• **ACTION ITEM**: Repeat the entries exactly but omit the pictures.
**** RECORD SET ****
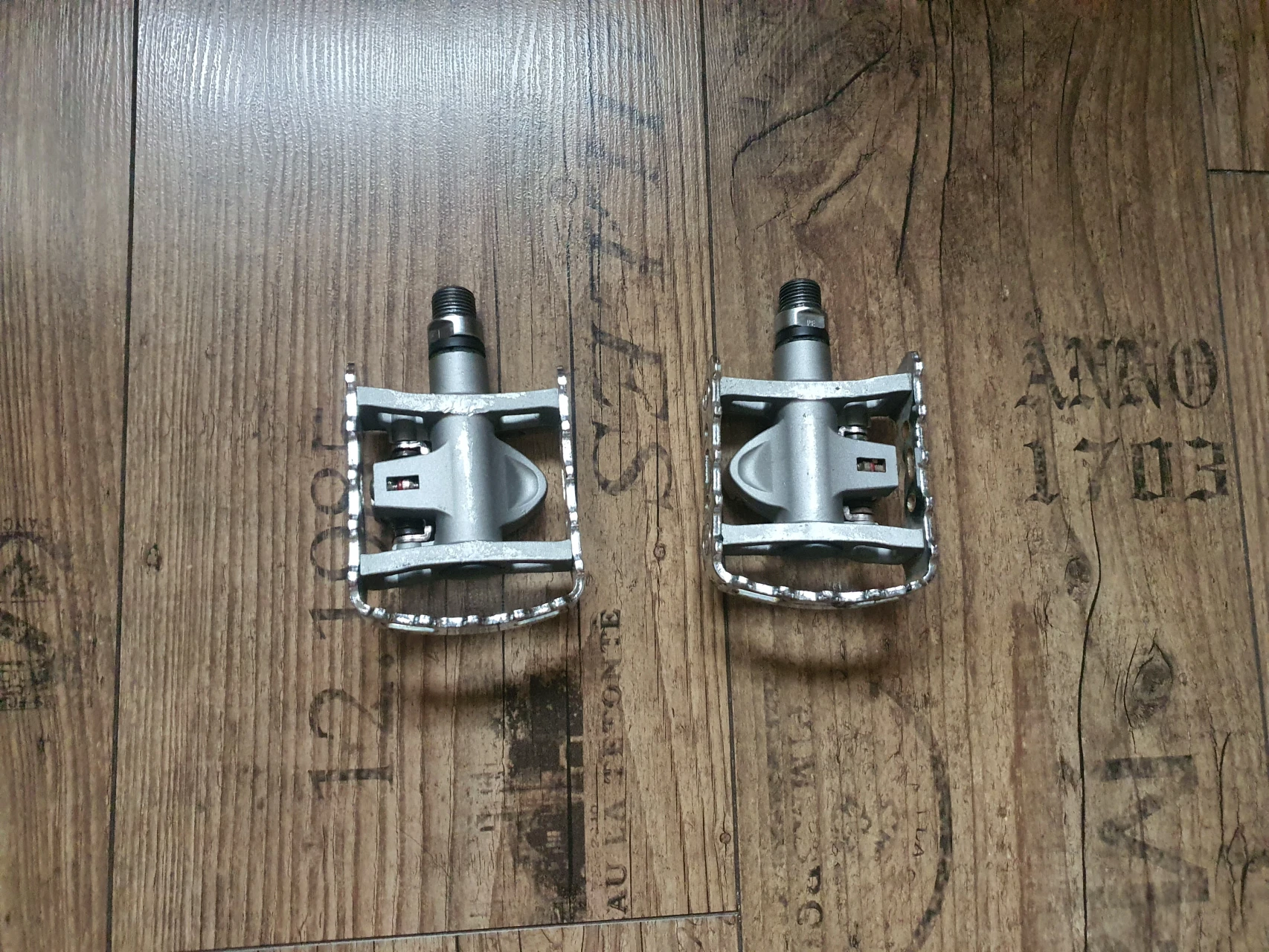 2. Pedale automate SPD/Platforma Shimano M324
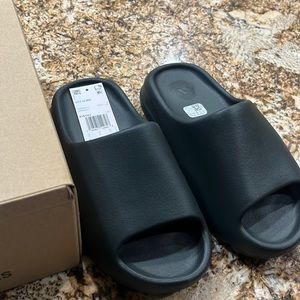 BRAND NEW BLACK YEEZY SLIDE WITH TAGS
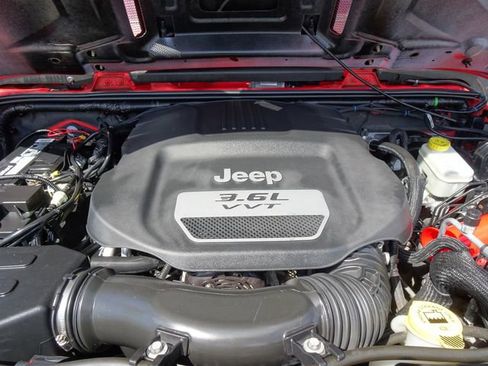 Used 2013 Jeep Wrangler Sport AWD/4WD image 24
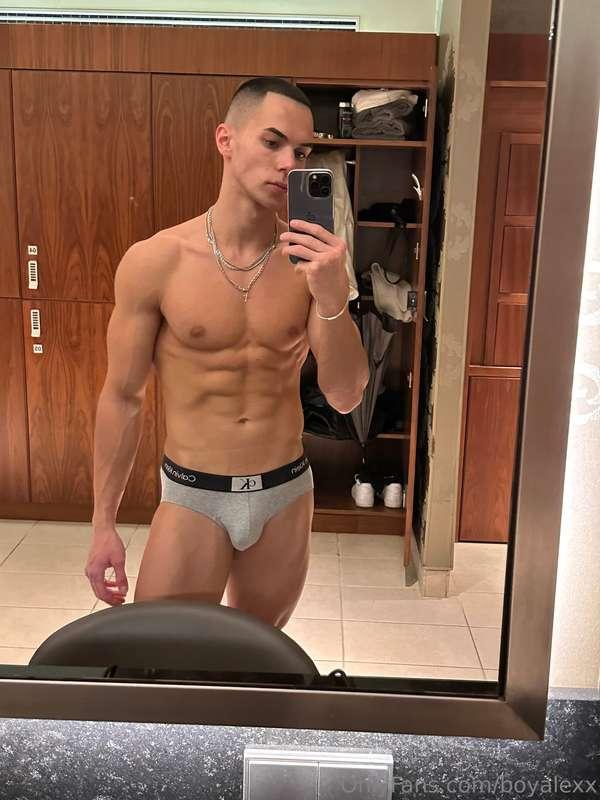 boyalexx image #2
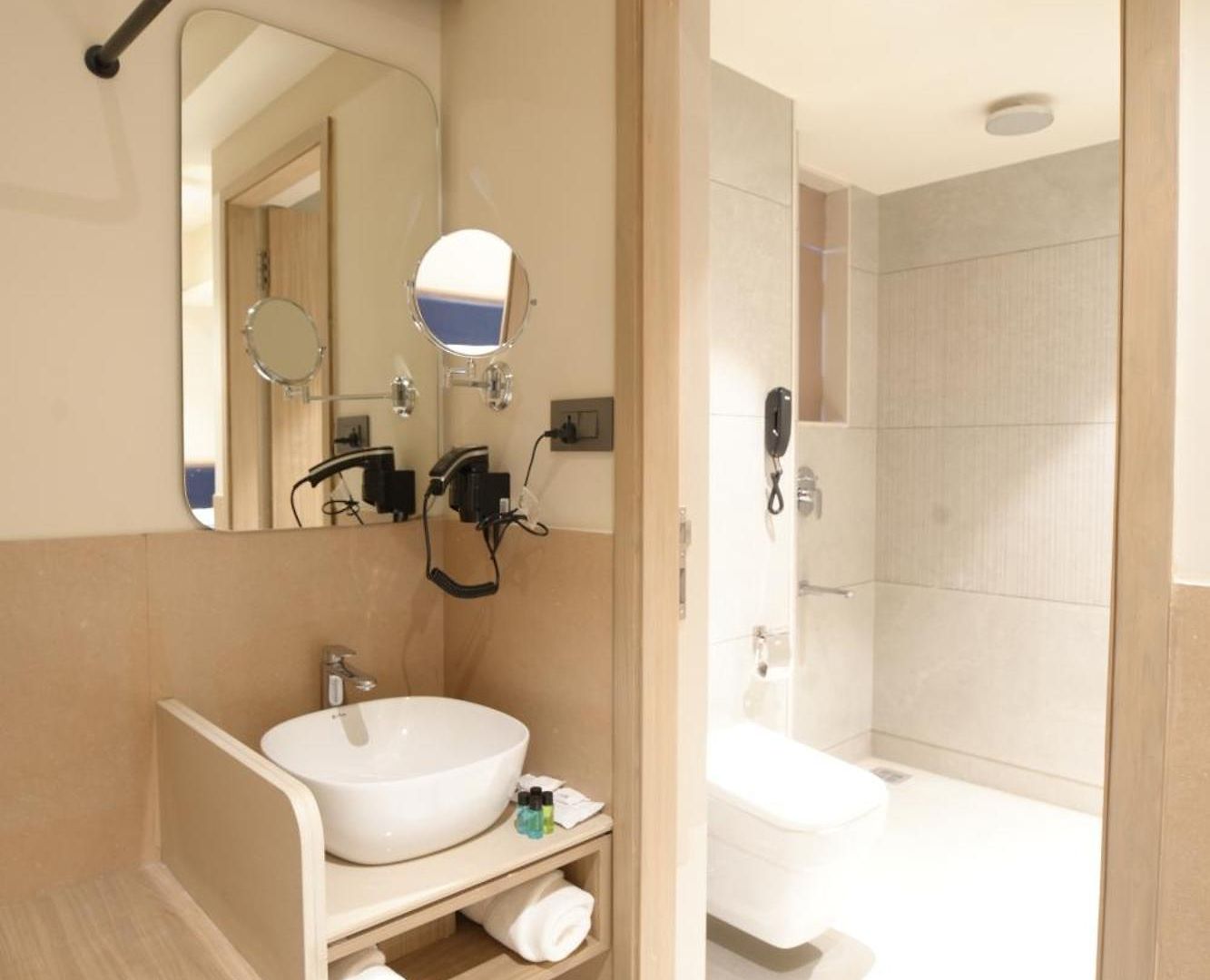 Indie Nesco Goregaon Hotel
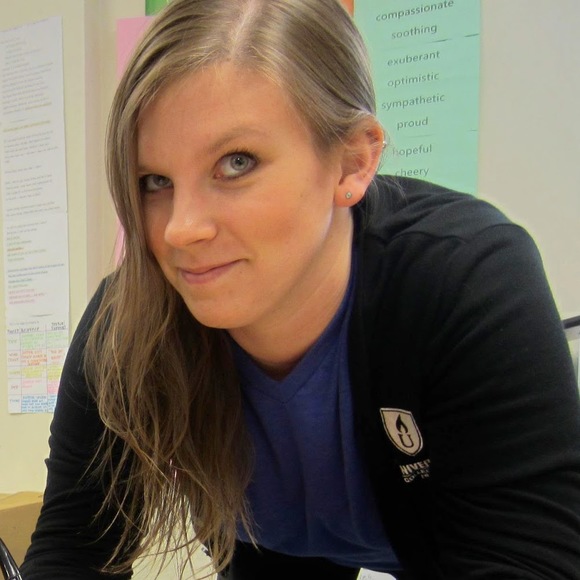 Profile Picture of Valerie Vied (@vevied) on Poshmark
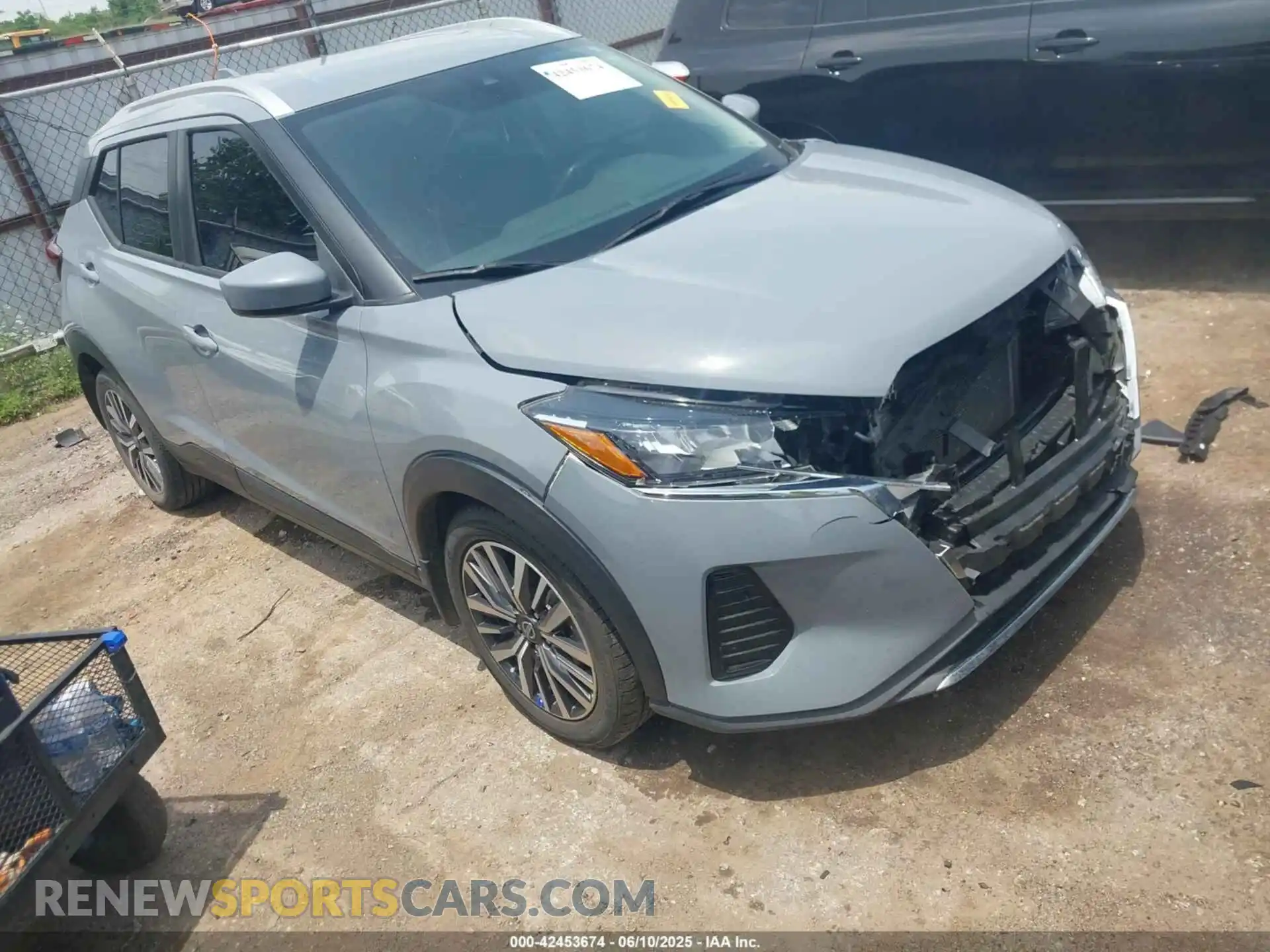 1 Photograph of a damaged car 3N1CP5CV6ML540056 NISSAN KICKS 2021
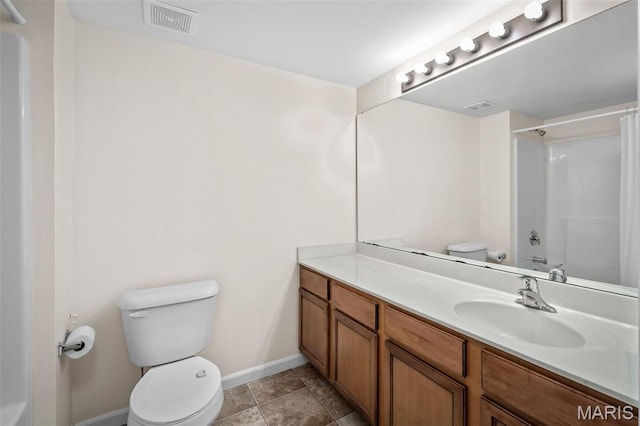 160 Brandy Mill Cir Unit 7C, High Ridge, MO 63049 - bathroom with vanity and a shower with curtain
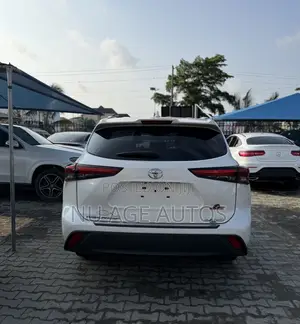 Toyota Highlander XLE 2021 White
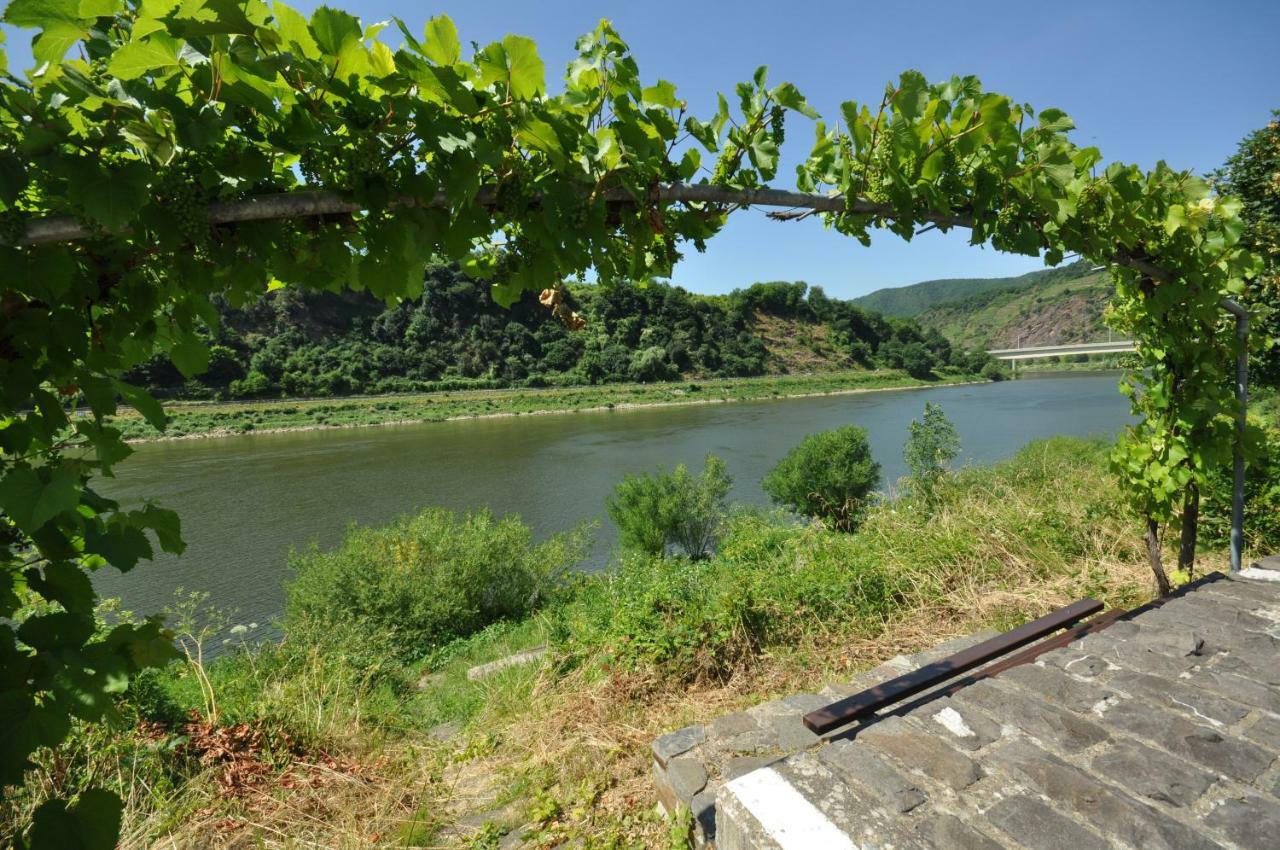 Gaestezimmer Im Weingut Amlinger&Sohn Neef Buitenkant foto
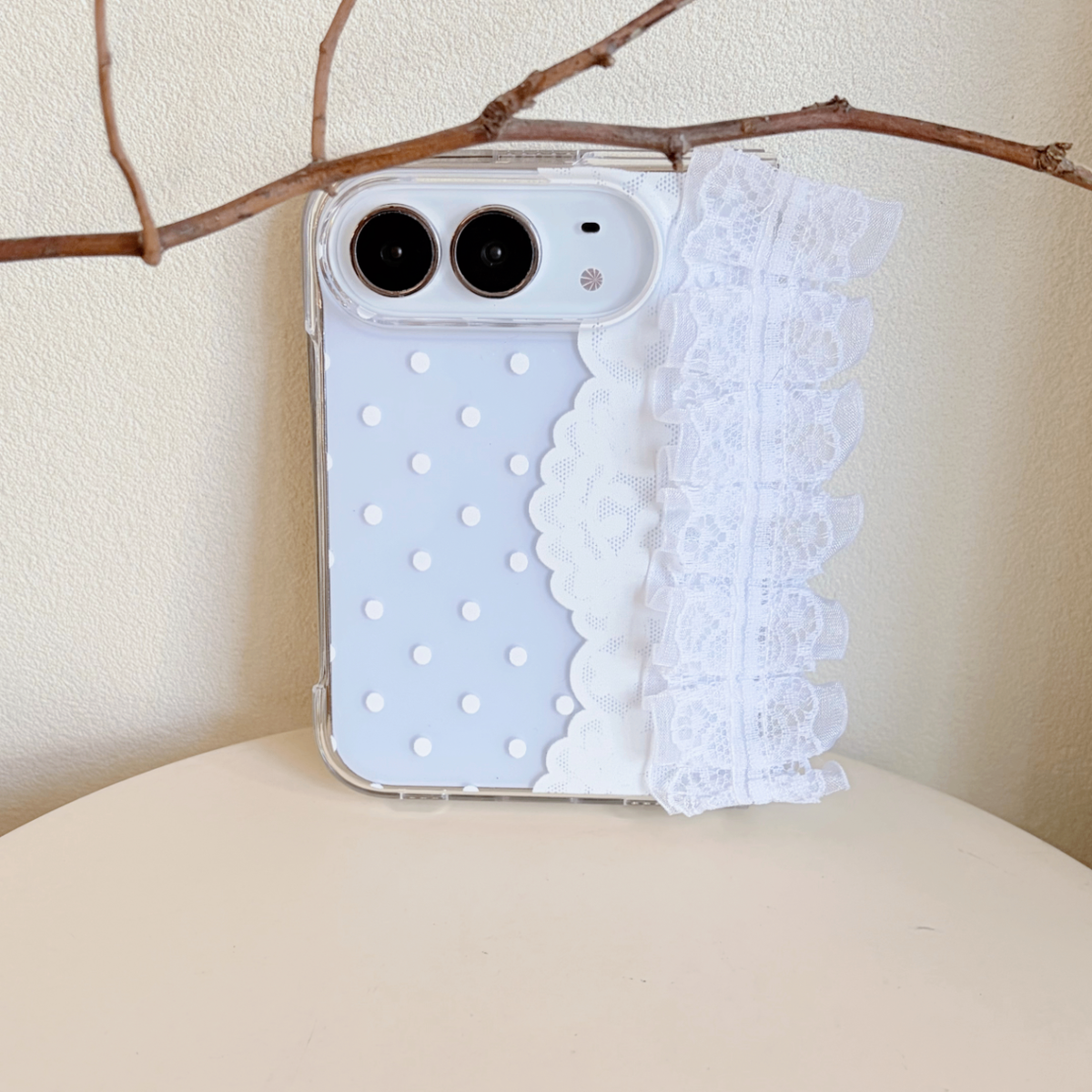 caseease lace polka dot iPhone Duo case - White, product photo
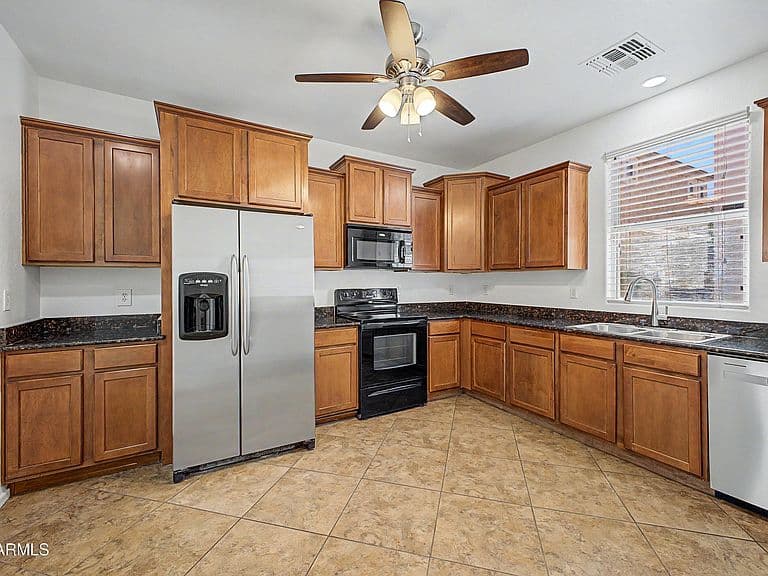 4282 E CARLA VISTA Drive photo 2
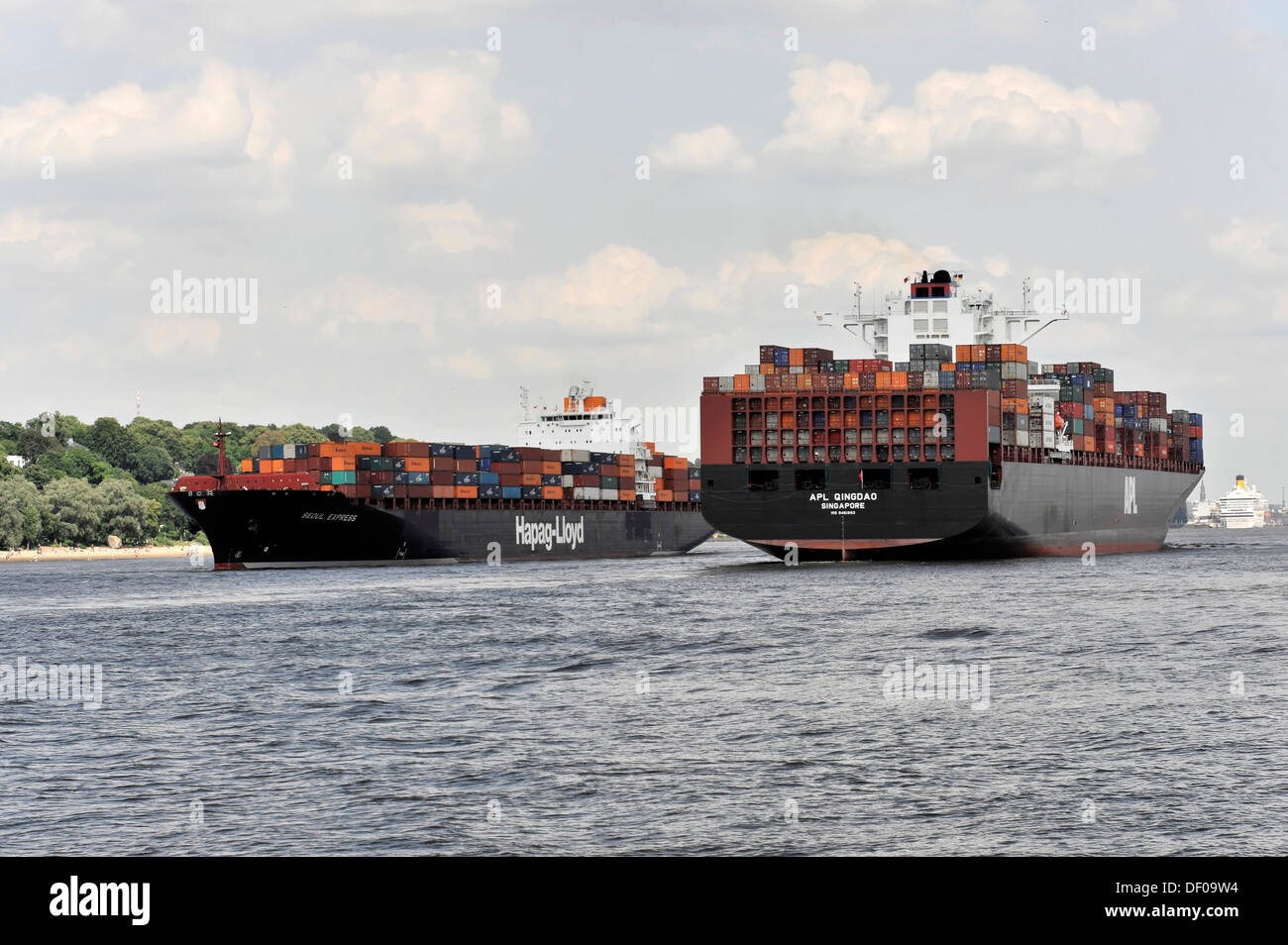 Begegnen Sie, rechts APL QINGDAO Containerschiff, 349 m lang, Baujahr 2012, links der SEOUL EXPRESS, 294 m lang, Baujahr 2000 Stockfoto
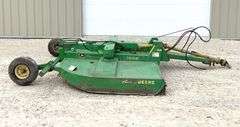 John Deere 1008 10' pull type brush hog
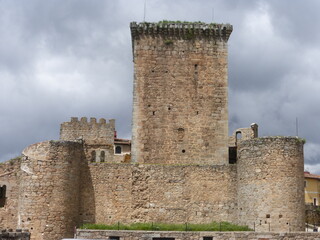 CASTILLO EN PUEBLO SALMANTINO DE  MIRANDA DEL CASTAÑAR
****
• **TASK OUTPUT**:
 2. Pedale automate SPD/Platforma Shimano M324
 BRAND NEW BLACK YEEZY SLIDE WITH TAGS
 Used 2013 Jeep Wrangler Sport AWD/4WD image 24
 boyalexx image #2
 Indie Nesco Goregaon Hotel
 Profile Picture of Valerie Vied (@vevied) on Poshmark
 1 Photograph of a damaged car 3N1CP5CV6ML540056 NISSAN KICKS 2021
 160 Brandy Mill Cir Unit 7C, High Ridge, MO 63049 - bathroom with vanity and a shower with curtain
 Toyota Highlander XLE 2021 White
 Gaestezimmer Im Weingut Amlinger&Sohn Neef Buitenkant foto
 caseease lace polka dot iPhone Duo case - White, product photo
 4282 E CARLA VISTA Drive photo 2
 Begegnen Sie, rechts APL QINGDAO Containerschiff, 349 m lang, Baujahr 2012, links der SEOUL EXPRESS, 294 m lang, Baujahr 2000 Stockfoto
 John Deere 1008 10' pull type brush hog
 CASTILLO EN PUEBLO SALMANTINO DE  MIRANDA DEL CASTAÑAR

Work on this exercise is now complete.